Il pomeriggio fu un alternarsi al
tuo capezzale. Lo scambio di ossigeno insufficiente già ti portava a non essere
più te stessa. Dormivi o semplicemente gli occhi erano chiusi. Non reagivi
molto, ma ci sentivi. Sentivi la nostra presenza e ci volevi accanto. Uno alla
volta, perché di più non si poteva. Ma ci faceva piacere sapere che ci volevi
accanto a te, che ci chiamavi, che chiedevi di chi non c’era, che cercavi una
carezza o una parola. In qualche modo ci faceva sentire speciali. Sapevamo che
da un momento all’altro avresti potuto dirci cose tremende. Ce lo aspettavamo.
Ci avevano informato i medici: è così, non ve la prendete, ma è solo l’effetto
della scarsità di ossigeno.
Pensi ad un prato verde. Pensi ad
una enorme campagna all’aperto. A quanto ossigeno ci sia, a quanto il tuo naso
inspira ossigeno e a quanto butta fuori anidride carbonica. Pensi a questo
meccanismo che è assolutamente involontario e naturale. Non fai nulla, eppure
vivi. Poi ad un certo punto non fai nulla, e non ci sei più. Tutto indipendente
dalla tua volontà di piccolo uomo.
Le carezze infinite.
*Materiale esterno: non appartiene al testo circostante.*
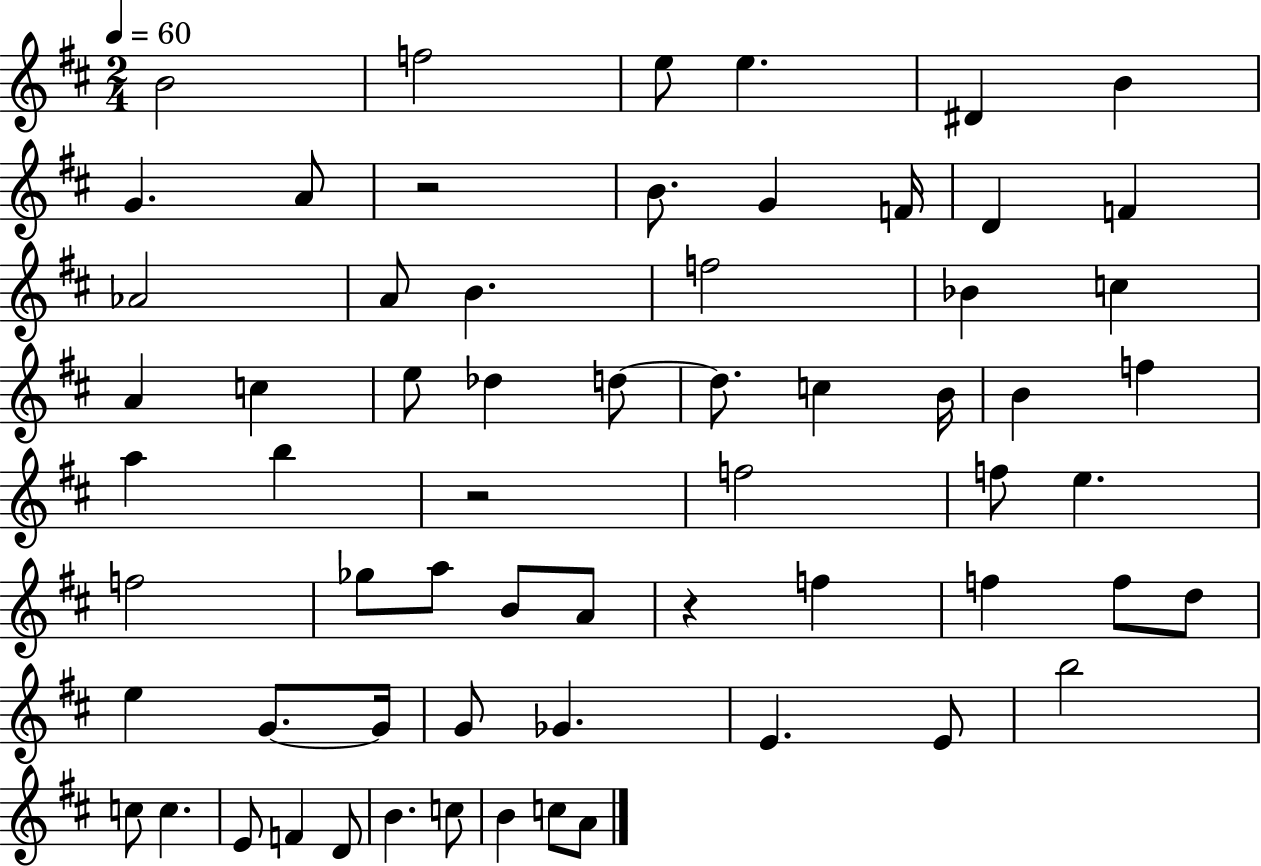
B4/h F5/h E5/e E5/q. D#4/q B4/q G4/q. A4/e R/h B4/e. G4/q F4/s D4/q F4/q Ab4/h A4/e B4/q. F5/h Bb4/q C5/q A4/q C5/q E5/e Db5/q D5/e D5/e. C5/q B4/s B4/q F5/q A5/q B5/q R/h F5/h F5/e E5/q. F5/h Gb5/e A5/e B4/e A4/e R/q F5/q F5/q F5/e D5/e E5/q G4/e. G4/s G4/e Gb4/q. E4/q. E4/e B5/h C5/e C5/q. E4/e F4/q D4/e B4/q. C5/e B4/q C5/e A4/e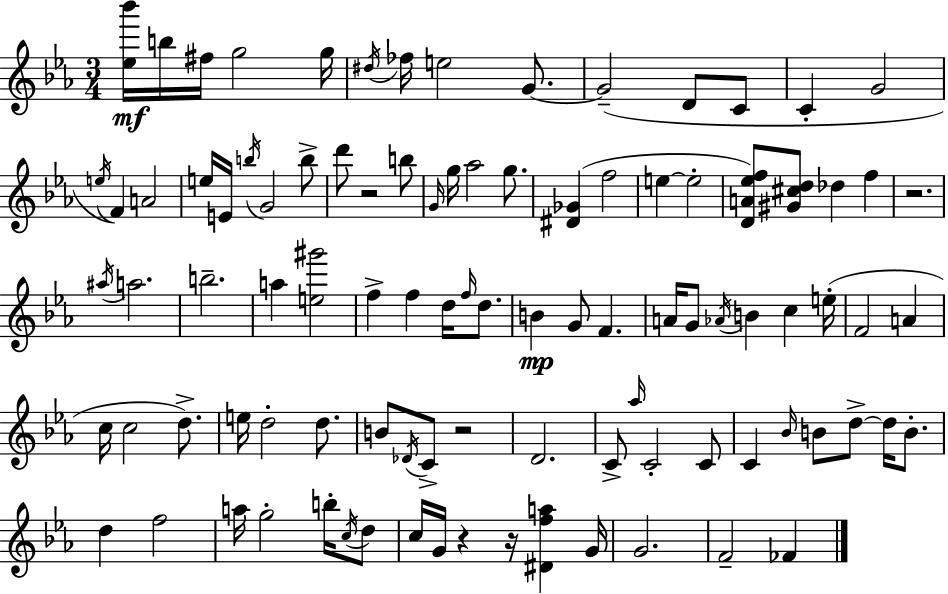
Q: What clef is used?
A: treble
La mano
sulla tua. Avanti e indietro, lungo la pelle scarna, ma liscia. Hai sempre
avuto delle belle mani. Ricordo da piccola quanto mi piaceva accarezzarle.
Ancora oggi quando vedo delle mani come le tue, le chiamo “le mani da mamma”.
Ti accarezzo, le mani, il viso. Voglio assaporare questo momento perché sento
che stai andando via e voglio trattenere tutto ciò che posso. Quando non sono
con te, cerco di stare affianco agli altri, che vedo soffrire come me, che vedo
spaesati come me. Un dolore comune e muto. Un dolore senza parole, perché non
servono più. Bastano gli sguardi di paura, ogni volta che un medico esce dalla
sala. Basta vedersi seduti su un divano, uno di fronte all’altro, sfatti, con
lo sguardo perso nel vuoto, per capire quanto dolore c’è dentro. E non
basterebbero le parole per esprimerlo. Si può solo provarlo, per capirlo.